BEGIN Source data

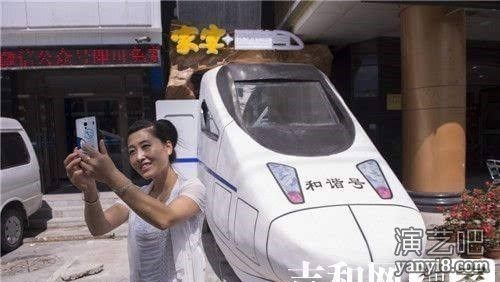 和谐号动车模型出租出售、尺寸可订制24小时电话畅通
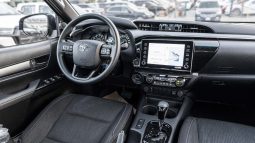 
2025 Toyota Hilux Adventure 4.0L AT Petrol (Black-Black) full									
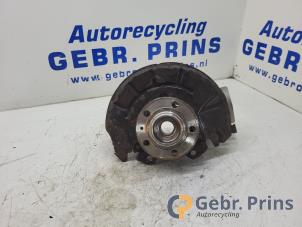 Gebruikte Fusee rechts-voor Skoda Fabia (6Y5) 2.0i Prijs € 25,00 Margeregeling aangeboden door Autorec. Gebr. Prins b.v.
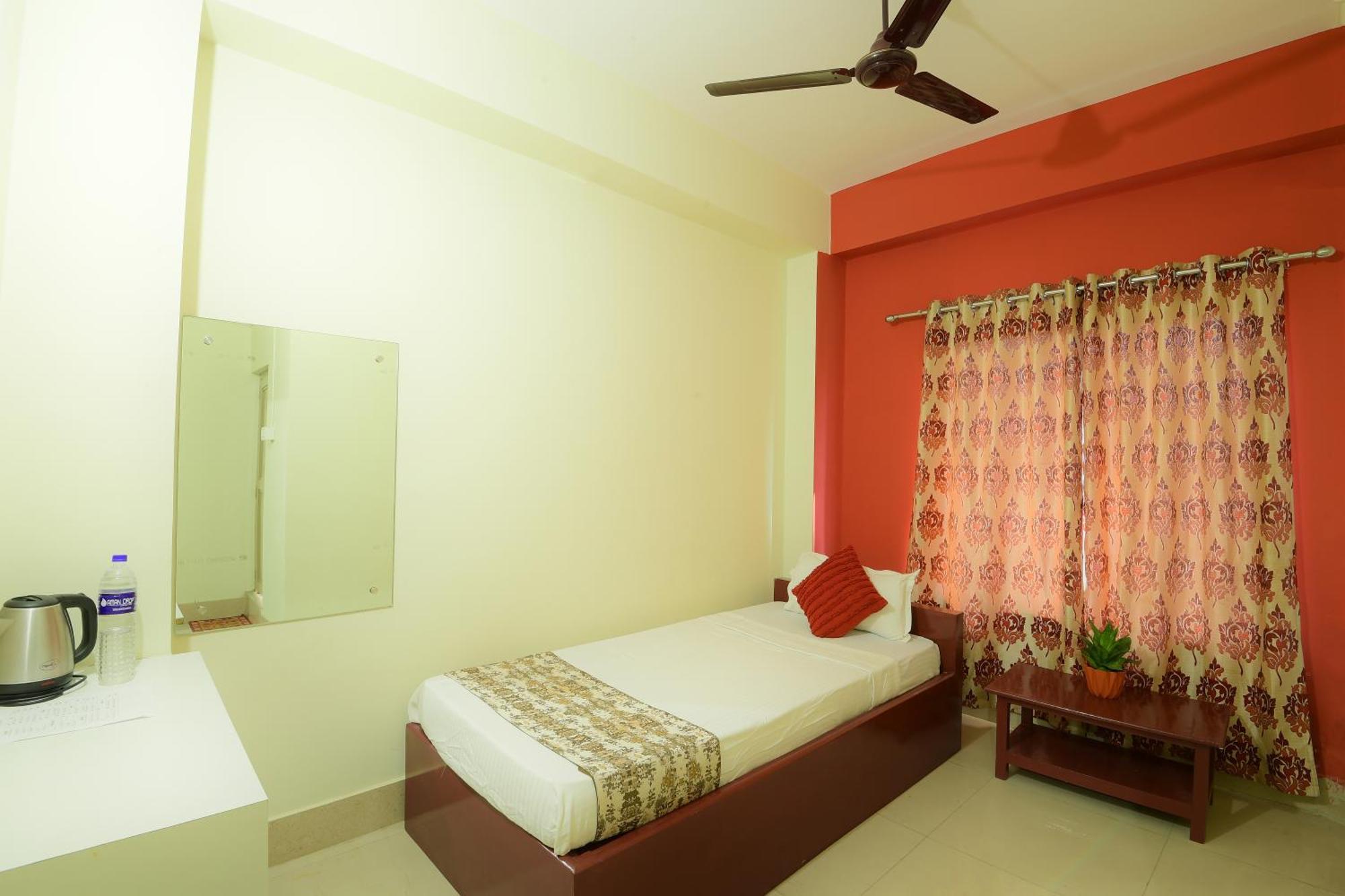 Hotel Bhargav Гувахати Екстериор снимка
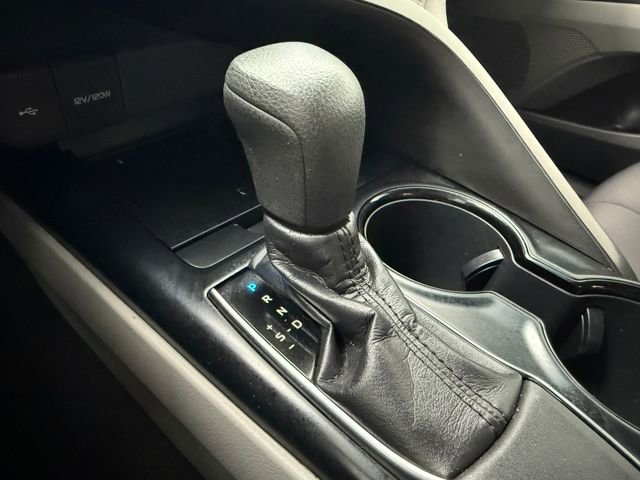 Used 2020 Toyota Camry LE image 20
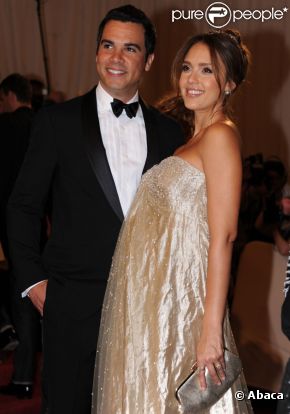 Jessica Alba, glamour à souhait, a choisi une robe Ralph Lauren collection pour faire sensation au MET Ball. Le 2 mai 2011 à New York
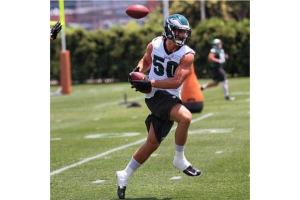Kiko Alonso might be done for the rest of the season. Eagles putting increased load on DeMeco Ryans. <br/>Kiko Alonso on Instagram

END Source data

▶ [What to produce] Leaving out every picture, extract verbatim the lines from the one containing "Gebruikte Fusee rechts-voor" through the last line of the listing, inclusive.

▶ [Task result]
 Gebruikte Fusee rechts-voor Skoda Fabia (6Y5) 2.0i Prijs € 25,00 Margeregeling aangeboden door Autorec. Gebr. Prins b.v.
 Hotel Bhargav Гувахати Екстериор снимка
 Used 2020 Toyota Camry LE image 20
 Jessica Alba, glamour à souhait, a choisi une robe Ralph Lauren collection pour faire sensation au MET Ball. Le 2 mai 2011 à New York
Kiko Alonso might be done for the rest of the season. Eagles putting increased load on DeMeco Ryans. <br/>Kiko Alonso on Instagram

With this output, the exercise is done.